AI Tech Lead
Posted 6 days ago

Posted 6 days ago
This is a fully remote position, open to applicants in Colombia.
• Acting as the Scrum Master and Delivery Lead for both AI teams, responsible for organizing and facilitating sprint planning, daily stand-ups, backlog grooming, and retrospectives.
• Protecting both teams from daily integration distractions by ensuring that the junior development team receives clear task definitions, structured schemas, and well-defined technical requirements.
• Balancing the rapid demands of AI prototyping with the structured pipeline stabilization cycles necessary for enterprise-level development.
• Managing cross-team dependencies and interface mapping to guarantee effective collaboration between the senior and junior engineering teams.
• Converting stringent architectural guidelines—such as network isolation, database connection limits, and cost containment—into actionable workflows for the engineering teams.
• Collaborating with Loftware Architects to ensure teams effectively utilize AWS services and data read replicas while maintaining corporate security boundaries, tenant isolation, and regional compliance.

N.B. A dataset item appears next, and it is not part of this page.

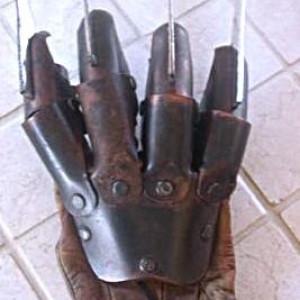 gloveman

• Leading technical review sessions to identify the optimal storage strategy (Amazon MemoryDB / Redis OSS / Valkey vs. pgvector vs. OpenSearch), weighing developer needs against enterprise infrastructure standards.
• Supervising evaluation frameworks for multi-step agent workflows to ensure consistent behavior and mitigate unhandled hallucinations.
• Ensuring that all data ingestion processes and internal tool-calling structures comply with type-safe validation layers, preventing malformed agent responses from disrupting downstream systems or exposing PII.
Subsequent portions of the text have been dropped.